1+1=3

1+1=3

Friday, May 30, 2014

Experiential Experiment


Everyone wants to be certified.  If you're certified, you're bonafide.  If you are bonafide, your value is amplified.

In order to get certified you could spend all kinds of time and effort studying, or you could find a boot camp and cram.  Well, in 2005 I was in the latter group.  I packed my bags and headed to Schaumburg, Illinois for a week-long Cisco boot camp in the hopes of being CCDA certified.

The classroom lessons packed tons of information into a tight period, and we all went back to our hotel rooms each night with homework to complete before the next day. Maybe you remember those ads where General Mills asked, "How do they cram all that graham?"  I was asking how we crammed all that test prep.

Friday came and we took the CCDA exam, which had to be in an official test facility with a live proctor.  And you can stop holding your breath, I'm pleased to say
I passed the test.  It was a big relief and those four letters looked great on the old resume, too.

However, there was just one little issue: I was a salesguy and not a network design engineer.  I suppose it was helpful to understand how the pieces fit into an effective network design since it allowed me to better understand the potential needs of my clients as well as to uncover latent needs within my prospects.  But as much as it helped, I wasn't actually making design recommendations or building networks.  My engineers did that work, so my highly vaunted CCDA skills atrophied.

It's the same exact thing with partnerships.  It happens in the early stages with onboarding before sales are closing.  It happens later on with new initiatives and new offerings.  It even happens in more mature partnerships when assumptions can start to rear their ugly heads.

All of this begs the question, "How can we reduce this atrophy and increase meaningful engagement?"  The fact is that if we cannot move our knowledge from our brains to our hands and feet we'll never gain mastery over the information and our mental skills will erode.

There have been a lot of studies done in this area over the past 50 years or so that show we understand better and gain greater proficiency when we engage in an activity.  We learn by seeing, hearing, writing, etc.  We learn even better when we combine these activities, according to the NTL Institute for Applied Behavioral Science.  And, although the actual statistics they use are debated the fact remains that the best way to learn and retain information is by combining forms of training, including experiential learning.

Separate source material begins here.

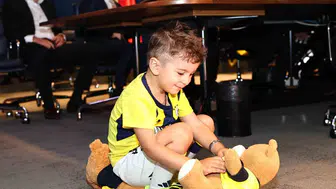 Fenerbahçe'nin genç hayranı Göktuğ, başkan Aziz Yıldırım ile buluştu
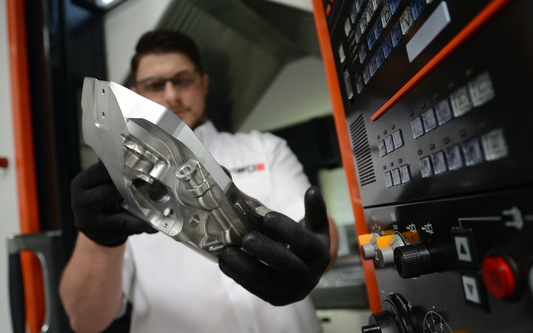 920e recruits AP Racing chief designer to drive innovation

And, as we often do here at FusingFocus, instead of just talking about it I want to give you some practical applications to think about and to integrate into your alliances.  Here we go:

1. Onboarding - Onboarding programs for new partners often focus on product training and possibly some sort of sales enablement.  The problem with this, as previously mentioned, is that if you don't have any immediate sales closing the partner won't use their product training or brand new implementation skills.  If you don't use it, you lose it.  To remedy this situation there are a few things you can do:
  • Create cross-sell opportunities in existing customer base.  This assumes you are comfortable exposing your existing clientele to the partner, which may or may not be the case.
  • Focus on smaller solutions or less expensive products to generate sales faster.  Grab that low hanging fruit and get smaller chunks of experience.  The experience won't have great impact, but going through the motions with develop better understanding for the partner, even with small deals.
  • Share existing opportunities that are already in process, thereby generating faster time to ramp and greater self-sufficiency within the partner team.  The long term impact will greatly outstrip any short term costs from sharing the business.

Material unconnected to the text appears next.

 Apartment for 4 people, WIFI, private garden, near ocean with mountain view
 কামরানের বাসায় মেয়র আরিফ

2. Enablement - Product training rapidly dissipates if it isn't used.  Technical training has got to be interlaced between experiential learning, even if it means you do some "ridealongs" on implementation opportunities where the new partner was not initially involved.  Getting them some hands on learning or just knowledge transfer alone will cement their classroom training and get them to an acceptable level of proficiency quicker than any other method.  My recommended strategy is four steps:
  1. Audit - The partner audits a project.
  2. Share - The partner takes on a level of service with a second project.  This can be grunt work or some manner of low-level services, but the point is that they are getting their hands dirty.
  3. Project Management - By the time the third project rolls around, the partner has seen enough that they are able to perform all of the needed services in conjunction with oversight from your project managers.
  4. Self-Sufficiency - At this point they can hold their own and manage their own projects, which should bear much fruit in the partnership going forward.

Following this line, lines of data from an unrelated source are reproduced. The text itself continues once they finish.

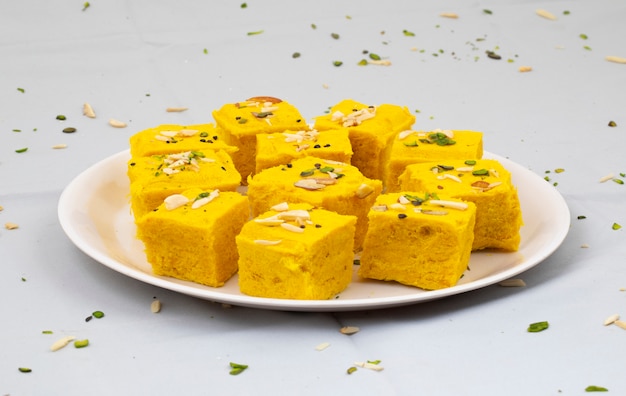 Foto indio especial tradicional comida dulce soan papdi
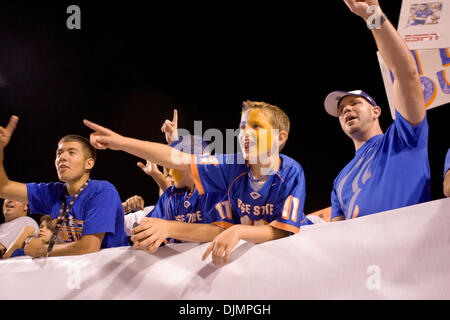 26 septembre 2010 - Boise, Idaho, United States of America - Boise State fans cheer durant la seconde moitié comme action # 3 Boise State défait # 24 37-24 de l'état de l'Oregon dans Bronco Stadium. (Crédit Image : © Stanley Brewster/global/ZUMApress.com) Southcreek Banque D'Images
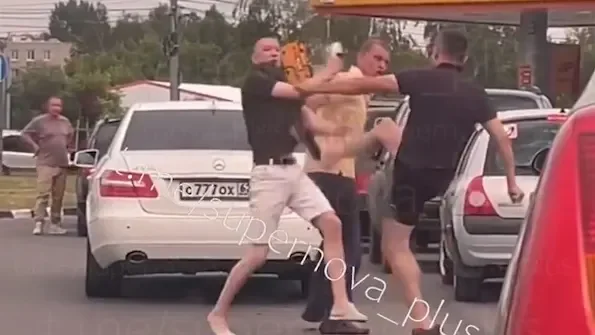 бійка за бензин у Росії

3. New Initiatives - When engaging a partner in a new initiative you need to use some of the same tactics, but you've got to integrate a vastly greater degree of trust and respect.  If you have had success in the past and the partner has proven themselves to be a capable and valuable partner, then you have to treat them as such.  Go through your proven methodology, but acknowledge the value of the partner along the way.  However, as you proceed do not make assumptions.  Work the methodology.

It all boils down to experiential learning since knowledge alone disintegrates very quickly.  An experiential experiment that will pay huge dividends for your business alliances.